### Data below ###

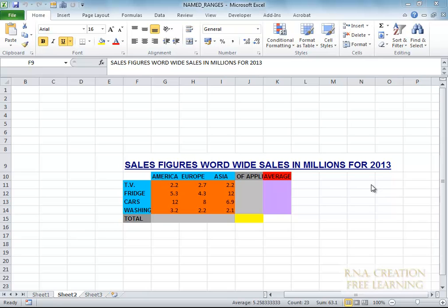This video is about the name range. In this video, I am going to talk about the name range. As you will see, we have got this table.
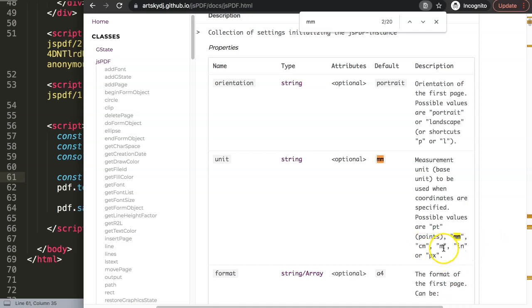Whatever would be practical for you, but inch is a very good one because later on we're going to use a certain value because of PPI, which is how many pixels per inch. Commonly it is 72.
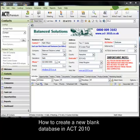Typically the creation of a new blank database will only be required at the beginning of a new installation. However, you may have a specific requirement that justifies the need for a new database. So before I get into this, there are just a few things that I think you need to be aware of.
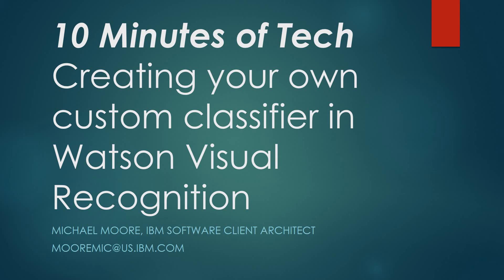Welcome to this new segment of 10 minutes of tech. In this segment we're going to be creating your own custom classifier in Watson Visual Recognition.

###

Nothing but the lines from the first line of the listing above to the line containing "Whatever would be" should appear in the answer, each one exact and with no pictures.

## Reply
This video is about the name range. In this video, I am going to talk about the name range. As you will see, we have got this table.
Whatever would be practical for you, but inch is a very good one because later on we're going to use a certain value because of PPI, which is how many pixels per inch. Commonly it is 72.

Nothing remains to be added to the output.